The Superintendent of Akron Public Schools is defending himself against allegations that the district isn’t properly handling student behavior and discipline.

The Akron Education Association has filed 22 grievances this school year against the district on behalf of teachers who say they were verbally or physically assaulted by a student.

The local union held a safe schools rally outside the Akron Board of Education meeting Monday night to draw attention to the issue, and in his State of the Schools speech Tuesday, Akron Superintendent David James addressed it directly.

James said of the 22 grievances, six were filed against children in the 3rd grade or below and nine were students with disabilities.

James said each student has the right to due process, which means children can’t be immediately removed from a school or classroom.

 “There is something called free and appropriate education,” he said at the Akron Press Club event, “which means all kids that come through our doors deserve to be educated.”

James said 114 students have been referred to the district Board of Education so far this year for disciplinary action, but those students make up 0.54 percent of the 21,000 students in the district.

James discussed more than just the disciplinary issue at the speech, though, and included an update on the district’s financial standings.

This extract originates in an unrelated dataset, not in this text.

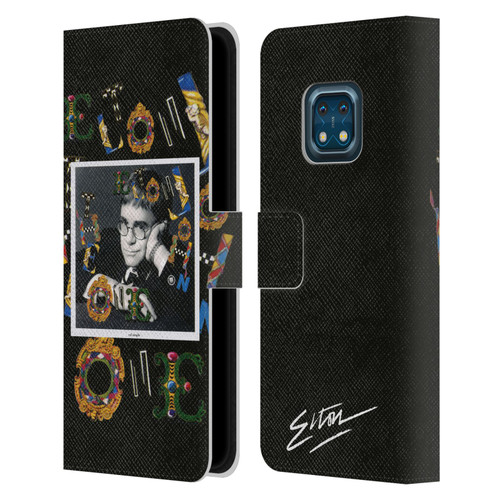 Elton John Artwork The One Single Leather Book Wallet Case Cover For Nokia XR20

James said after years of declining student enrollment that led to reductions in state funding, he’ll focus on consolidations in the central office to continue to find savings.

District staff will soon be moving to a smaller, more energy efficient space in downtown Akron to cut costs, James said. The change comes after the consolidation of a handful of schools in the district over the past few years.

James said the change will help extend the amount of time the district can operate at current funding levels without asking taxpayers for a larger levy.

 “On average, additional revenue is needed every six years,” he said. “We are heading into our eighth year actively managing our budget deficit and continuing to push off the next levy request.”

The Akron Schools’ budget is the fifth largest in the state of Ohio at more than $500 million a year.

James also used the speech to discuss the district’s plan to shift its high schools into academies focused on career and technical education in specific fields.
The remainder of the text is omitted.